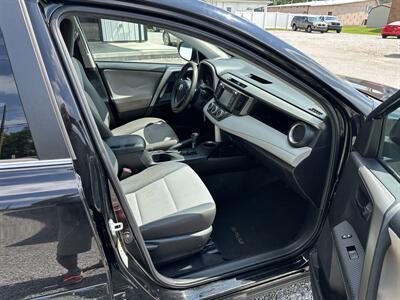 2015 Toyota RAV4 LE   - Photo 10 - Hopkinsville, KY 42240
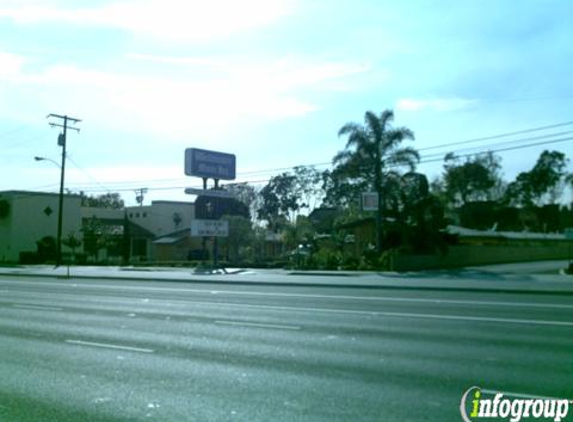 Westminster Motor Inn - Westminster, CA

...

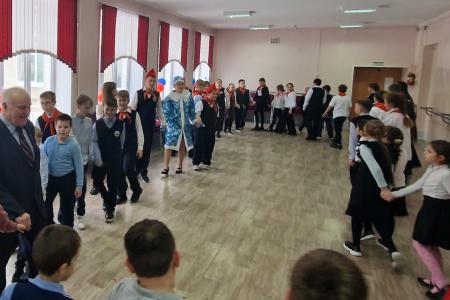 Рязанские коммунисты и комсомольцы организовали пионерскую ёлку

==

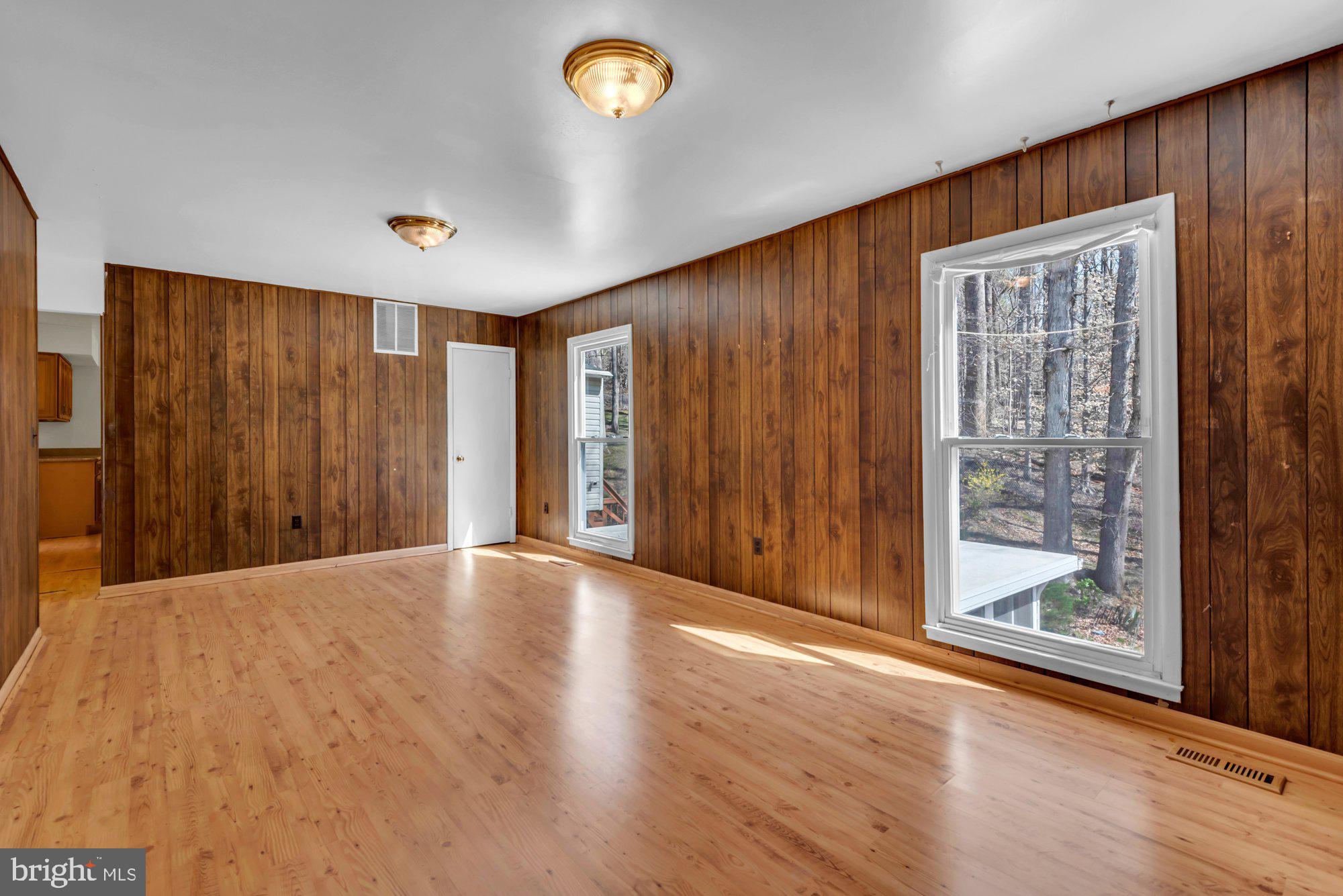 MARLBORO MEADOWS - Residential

§ Work to be completed: Using the entries above, write out exactly the lines from the one with "2015 Toyota RAV4" through the one with "Westminster Motor Inn - Westminster, CA", ends included. Leave out any pictures.

§ Answer below:
 2015 Toyota RAV4 LE   - Photo 10 - Hopkinsville, KY 42240
 Westminster Motor Inn - Westminster, CA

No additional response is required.